Publicly available information about potential supporters of particular initiatives is decisive in determining the viability of civil and political associations. Before attempting to implement anything or joining any group, it is advisable to weigh up the likelihood of its attracting a sufficient number of supporters. Without that, all efforts will be wasted. An initiative may fail to take off, not because nobody is interested but purely because potential supporters are too dispersed. No businesslike initiative can afford not to attract the necessary social backing. The autocrats of old Russia were well aware of this secret and throughout Russian history kept socially active groups divided. When the favourites of the tsars were rewarded with lands, their patrimonies were scattered over an enormous area to prevent their owners acquiring a local power base.

A mechanism publicising the rallying of society around particular initiatives will substantially raise the meaningfulness and quality of political processes. The internet with its communicative capabilities offers excellent tools to do just this. It is merely a matter of making use of them. For this rules and procedures are needed to make it possible to collect well thought out, responsible proposals from people wishing to participate in a particular project. Responsibilities should be allocated on a basis of being well informed, that is, having the ability to take account of other people’s intentions. Requirements for choosing knowledgeably include:

  • A comprehensible explanation of all proposals, including the cost of supporting them. This is needed to enable each individual to choose for himself what is most important and to direct his efforts intelligently;

  • Information about the minimum essential or optimal number of supporters required to make the project feasible and able to start;

  • Information online about the rate of increase of the number of people expressing a provisional intention of joining, and the “cost” of participating given the numbers currently listed.

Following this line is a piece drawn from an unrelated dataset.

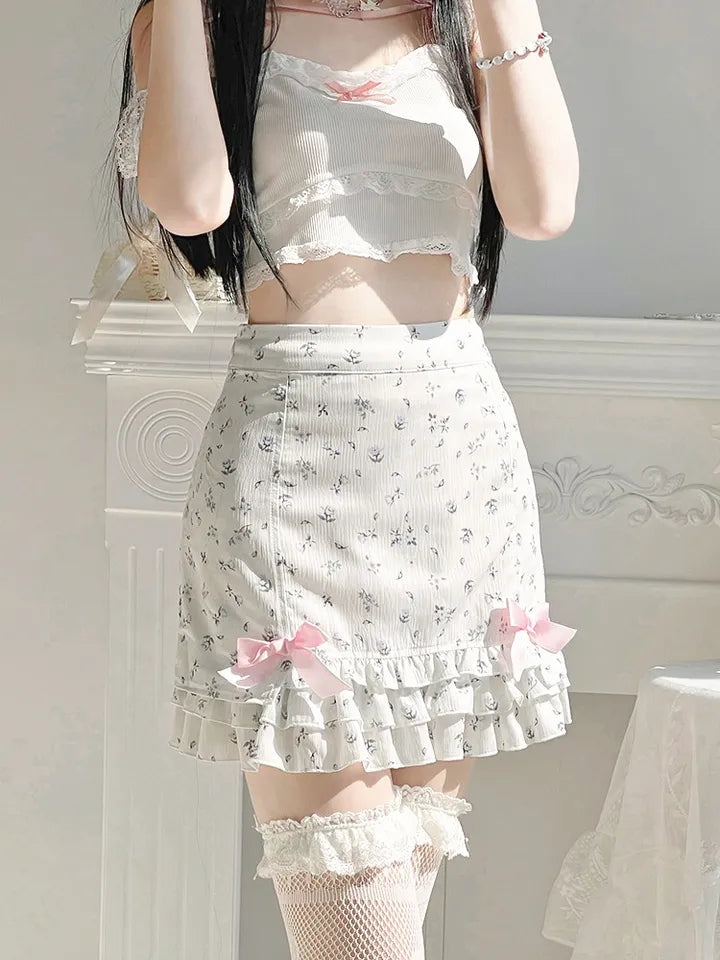 Pink Floral Bow Print Ruffle Mini Skirt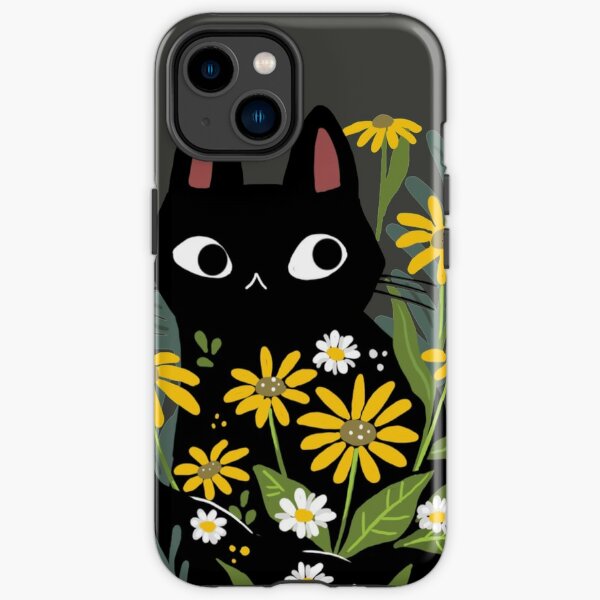 Chat noir avec des fleurs Coque antichoc iPhone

It is critically important to state these conditions plainly and to make clear the moment at which a membership application assumes the form of a binding contract. Collaborative filtering is ideally suited to coping with these tasks, especially where it is desirable to know not only how many have signed up but also to have a deeper knowledge of who they are. If this kind of practice were adopted it would complicate the game of politics, but there is no simpler way apparent for balancing interests against each other without crushing any of the groups.

Two further important functions for the collaborative space are a 24/7 feedback channel for voters’ opinions, and a spokesperson for the feedback. Thus, a dynamic rating and reputation can be derived for the person eventually elected based on the online ratings of citizens which indicate how far actual policy is corresponding to pre-electoral promises. (This is clearly a threat for politicians.) It is also plain that collaborative filtering is a two-edged sword: knowing the views of the public may make it easier to pander to them. However, the strength of the institution is that (a) leaders will have to compete openly; (b) they will not be able to control a multi-million social arbiter.